Os manifestantes tencionavam marchar até o Instituto Nacional de Luta contra a Sida, enquanto a polícia os direccionava para a avenida Deolinda Rodrigues, até ao cemitério da Santa Ana, o que alterou os ânimos dos manifestantes e em reacção a polícia dispersou-os lançado granadas de gás lacrimogéneo. Foi, aliás, o mínimo que os polícias poderiam fazer para travar todo aquele vasto arsenal bélico escondido nos cartazes, nos telemóveis e bolsos dos manifestantes.

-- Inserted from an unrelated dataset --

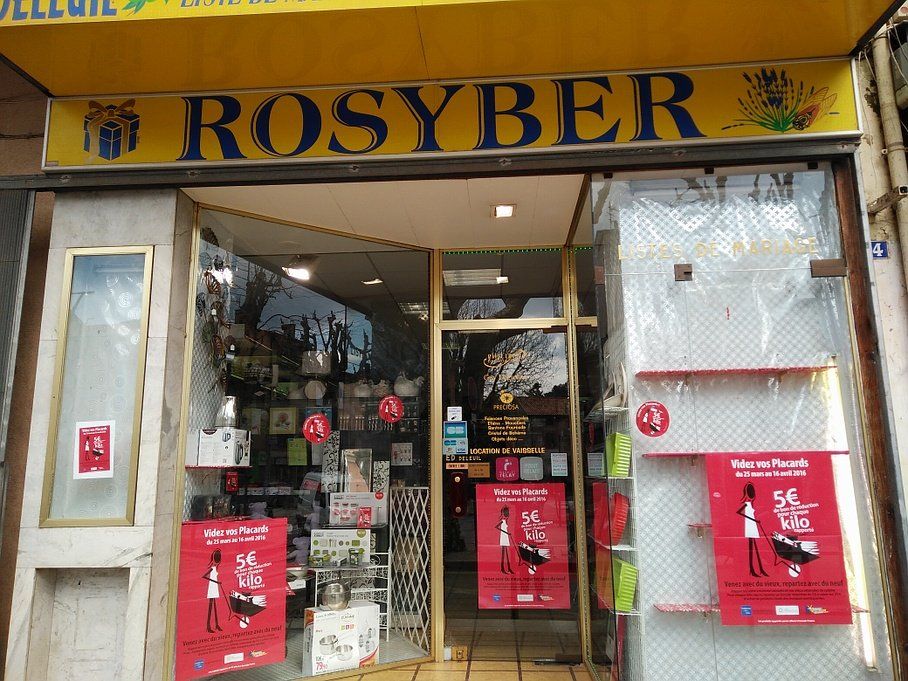 Rosyber, boutique d'art de la table près de Simiane-Collongue (13)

“Pisa propinas” e “nós queremos estudar” eram as palavras de ordem durante a marcha dispersada pela polícia, onde o estudante Abílio Alfredo marcou presença para manifestar o seu descontentamento. “Estamos a manifestar-nos porque o Estado angolano está a implementar a cobrança de propinas no ensino gratuito quando sabemos que em várias partes do mundo a propina é gratuita no ensino superior”, disse à Lusa o estudante de 21 anos.
Adelina Kipaca, estudante de 23 anos, questionou as motivações do Governo angolano em pretender cobrar propinas no ensino superior, recordando que a “maior parte dos jovens estão desempregados e os pais não têm condições para suportar despesas”.

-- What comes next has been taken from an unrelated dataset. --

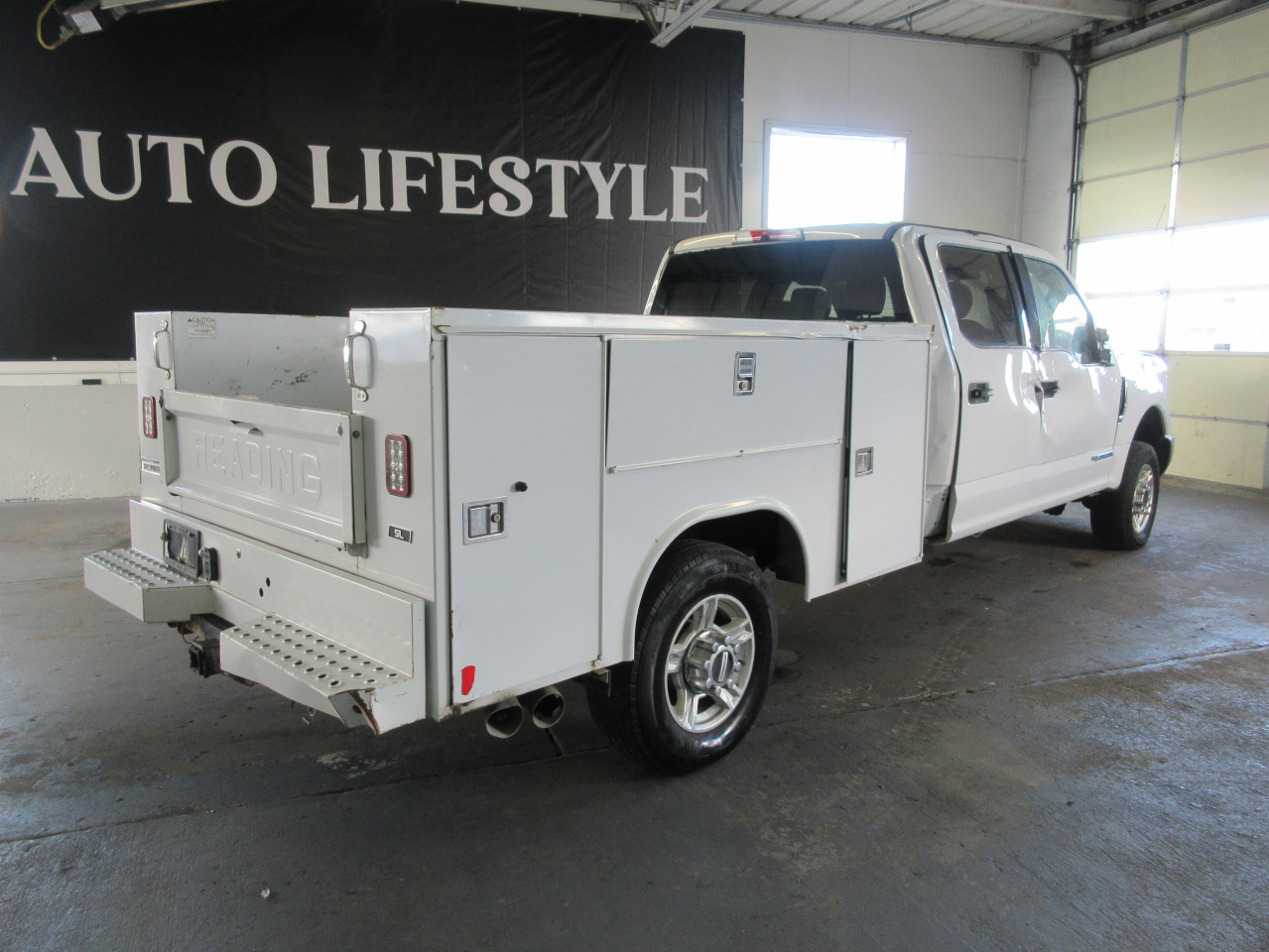 2017 Ford F350 Super Duty vin: 1FT8W3BT5HED00884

“Por isso é que me identifiquei com a causa e estou aqui a me manifestar”, afirmou.
Por seu lado, Ariclenes Gouveia também respondeu afirmativamente ao apelo do “Movimento Estudantil Propina Não”, defendendo que a medida vai concorrer para o “aumento de mais jovens fora do sistema de ensino”.

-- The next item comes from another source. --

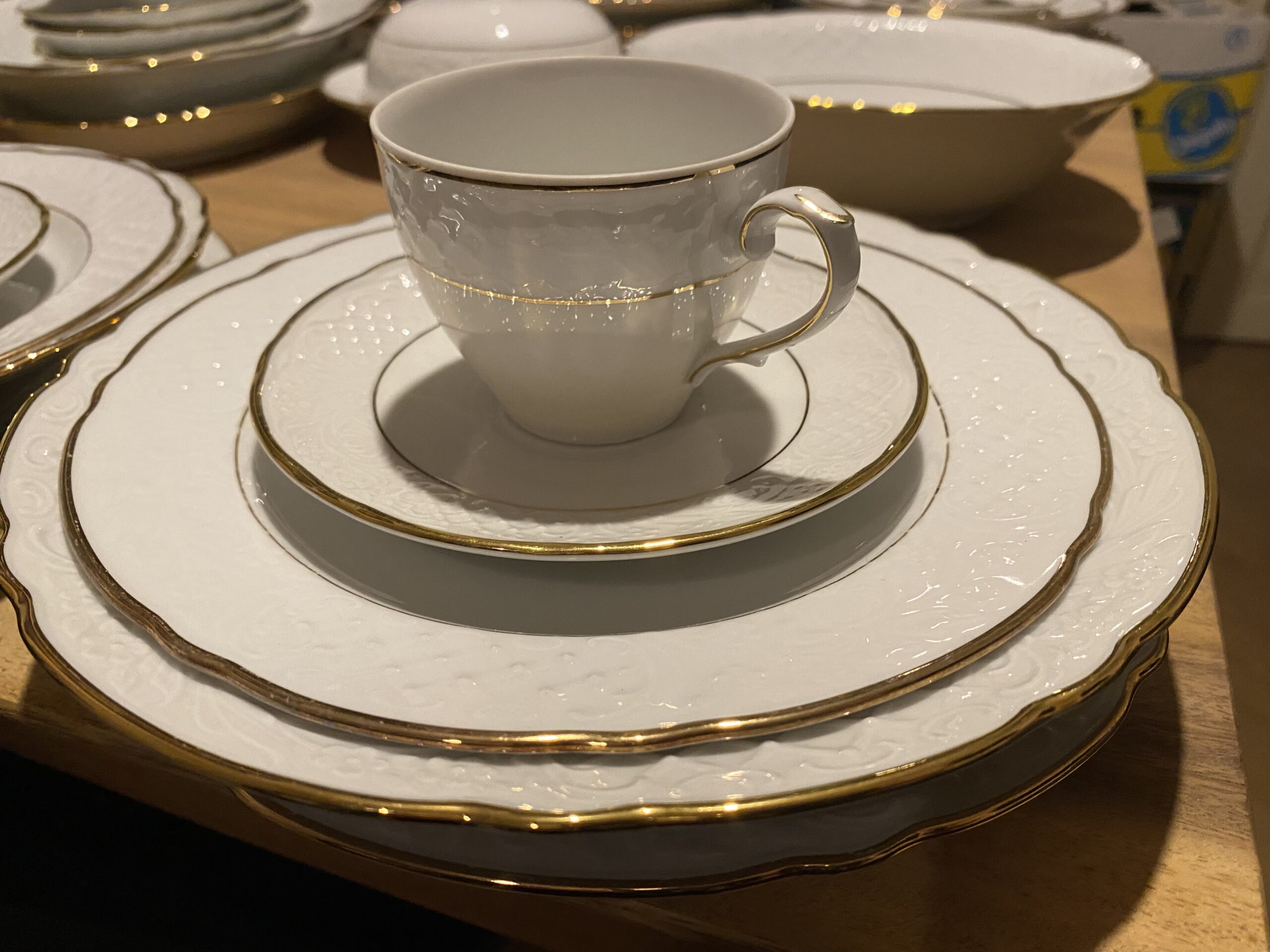 Wit servies met goud randje van Arzberg Schumann voor Tara - Afbeelding 3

“Quando infelizmente temos informação que poderão ser cobradas propinas a partir de 2020 e como cidadão não posso permitir que isso aconteça”, referiu.
Mesmo pressionados pela polícia, Salomão Panzo, em representação do “Movimento Estudantil Propina Não” apresentou aos jornalistas o manifesto da marcha recomendando ao Governo do MPLA (que “só” está no poder há… 44 anos) para “não avançar com a medida”.
“A primeira razão é a crise financeira que até agora não tem soluções concretas, porque acabou por abalar o sector económico causando desemprego. O desemprego aumentou, quer dizer que os dois anos de governação de João Lourenço não contribuíram para a melhoria da situação económica”, afirmou.
Segundo o manifestante, a crise económica que o país atravessa tem origem na “má gestão dos recursos públicos e não pode ser coberta com os bolsos dos pobres. O que quer dizer que os pobres não podem pagar pela má gestão dos recursos que Angola possui”.
Desta feita, acrescentou ainda, o Movimento Estudantil recomenda o Estado angolano e aos seus parceiros “para que encontrem outras fontes para financiar o ensino público regular e não nos bolsos dos pobres”.
Janeiro de 2016, na era de Eduardo dos Santos
Algumas dezenas de estudantes do ensino superior manifestaram-se no dia 30 de Janeiro de 2016, em Luanda, empunhando cartazes contra os “aumentos exorbitantes” nas taxas e propinas das universidades públicas e privadas angolanas, protesto que foi condicionado pela intervenção policial.
Por outras palavras, a Polícia continuava a cumprir ordens do Titular do Poder Executivo, José Eduardo dos Santos, corroboradas pelo Presidente da República (José Eduardo dos Santos) e planeadas pelo Presidente do MPLA (José Eduardo dos Santos), no sentido de que no reino só são permitidas manifestações democráticas a favor do regime. Hoje basta substituir o nome de José Eduardo dos Santos pelo de João Lourenço. Tudo o resto é igual.
Nunca se sabe, daí a tese do regime, se estes estudantes não visavam, sob o manto dos “aumentos exorbitantes” das taxas e propinas, criar uma rebelião e um atentado contra o Presidente da República. Ou, até, como dizia Luvualu de Carvalho, o então embaixador itinerante de Eduardo dos Santos e hoje embaixador de João Lourenço na Guiné Equatorial, levar a uma intervenção da NATO.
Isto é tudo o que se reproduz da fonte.